School strike for climate
|School strike for climate|
Part of the climate movement
Maximum number of school strikers per country:
|Date||Since August 2018, mostly on Fridays, sometimes on Thursdays, Saturdays or Sundays|
|Caused by||Political inaction against global warming|
|Goals||Climate change mitigation|
|Parties to the civil conflict|
The school strike for climate (also known variously as Fridays for Future, Youth for Climate and Youth Strike 4 Climate) is an international movement of school students who are deciding not to attend classes and instead take part in demonstrations to demand action to prevent further global warming and climate change. Publicity and widespread organising began when the climate activist Greta Thunberg staged an action in August 2018 outside the Swedish Riksdag (parliament), holding a sign that read "Skolstrejk för klimatet" ("School strike for the climate").
- 1 Climate Strike of November 2015
- 2 Greta Thunberg and other early strikers in 2018
- 3 Growing movement
- 4 Support from scientists
- 5 Awards
- 6 Reactions by school principals and politicians
- 7 See also
- 8 References
- 9 External links
Climate Strike of November 2015
In late-November 2015, an independent group of students invited other students around the world to skip school on the first day of the 2015 United Nations Climate Change Conference in Paris. On 30 November, the first day of the conference, a "Climate Strike" was organized in over 100 countries; over 50000 people participated. The movement focused on three demands: 100% clean energy; keeping fossil fuels in the ground, and helping climate refugees.
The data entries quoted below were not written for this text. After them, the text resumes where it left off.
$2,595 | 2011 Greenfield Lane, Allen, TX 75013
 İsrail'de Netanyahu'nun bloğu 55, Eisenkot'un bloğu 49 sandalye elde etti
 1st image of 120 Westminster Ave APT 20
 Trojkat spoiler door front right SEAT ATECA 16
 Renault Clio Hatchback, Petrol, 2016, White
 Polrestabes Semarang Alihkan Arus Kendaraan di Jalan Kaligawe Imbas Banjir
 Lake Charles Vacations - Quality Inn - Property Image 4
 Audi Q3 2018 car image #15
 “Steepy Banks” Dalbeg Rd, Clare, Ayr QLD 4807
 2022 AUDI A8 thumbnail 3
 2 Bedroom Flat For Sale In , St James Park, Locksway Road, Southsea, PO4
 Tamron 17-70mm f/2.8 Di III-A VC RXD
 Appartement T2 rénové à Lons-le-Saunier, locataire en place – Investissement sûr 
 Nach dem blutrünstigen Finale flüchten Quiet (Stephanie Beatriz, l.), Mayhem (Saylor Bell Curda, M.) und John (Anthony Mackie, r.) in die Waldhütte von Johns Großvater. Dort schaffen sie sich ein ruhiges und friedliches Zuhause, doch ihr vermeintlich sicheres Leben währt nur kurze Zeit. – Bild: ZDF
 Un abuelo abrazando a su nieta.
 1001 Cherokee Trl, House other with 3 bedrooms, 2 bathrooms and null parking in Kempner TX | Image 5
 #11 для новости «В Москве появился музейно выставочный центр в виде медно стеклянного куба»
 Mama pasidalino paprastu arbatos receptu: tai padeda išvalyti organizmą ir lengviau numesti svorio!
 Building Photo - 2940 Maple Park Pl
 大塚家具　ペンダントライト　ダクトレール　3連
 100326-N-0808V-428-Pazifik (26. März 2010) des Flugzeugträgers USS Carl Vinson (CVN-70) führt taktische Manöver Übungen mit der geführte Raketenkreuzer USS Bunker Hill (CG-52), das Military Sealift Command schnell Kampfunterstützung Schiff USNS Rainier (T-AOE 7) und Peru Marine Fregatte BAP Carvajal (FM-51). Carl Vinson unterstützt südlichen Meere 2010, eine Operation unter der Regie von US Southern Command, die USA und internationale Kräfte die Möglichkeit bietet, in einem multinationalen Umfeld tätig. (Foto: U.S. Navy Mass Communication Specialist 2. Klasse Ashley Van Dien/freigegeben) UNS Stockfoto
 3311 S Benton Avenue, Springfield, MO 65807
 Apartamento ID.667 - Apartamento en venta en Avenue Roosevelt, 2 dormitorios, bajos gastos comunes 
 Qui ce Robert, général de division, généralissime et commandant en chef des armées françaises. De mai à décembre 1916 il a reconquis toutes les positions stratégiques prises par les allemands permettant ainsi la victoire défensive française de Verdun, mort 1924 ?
Greta Thunberg and other early strikers in 2018
On 20 August 2018, the Swedish climate activist Greta Thunberg, then in the ninth grade, decided to not attend school until the 2018 Sweden general election on 9 September after heat waves and wildfires in Sweden. She has said she was inspired by the teen activists at Marjory Stoneman Douglas High School in Parkland, Florida, who had organised the March for Our Lives. Thunberg protested by sitting outside the Riksdag every day during school hours with a sign that read "Skolstrejk för klimatet" ("school strike for the climate"). Among her demands were that the Swedish government reduce carbon emissions per the Paris Agreement. On 7 September, just before the general elections, she announced that she would continue to strike every Friday until Sweden aligns with the Paris Agreement. She coined the slogan FridaysForFuture, which gained worldwide attention. She inspired school students across the globe to take part in student strikes.
Strikes began to be organised around the world, inspired by Thunberg, starting in November 2018. In Australia, thousands of students struck on Fridays, ignoring Prime Minister Scott Morrison's call for "more learning in schools and less activism". Galvanized by the COP24 Climate Change Conference in Katowice, Poland, strikes continued at least in 270 cities in December in countries including Australia, Austria, Belgium, Canada, the Netherlands, Germany, Finland, Denmark, Japan, Switzerland, the United Kingdom, and the United States.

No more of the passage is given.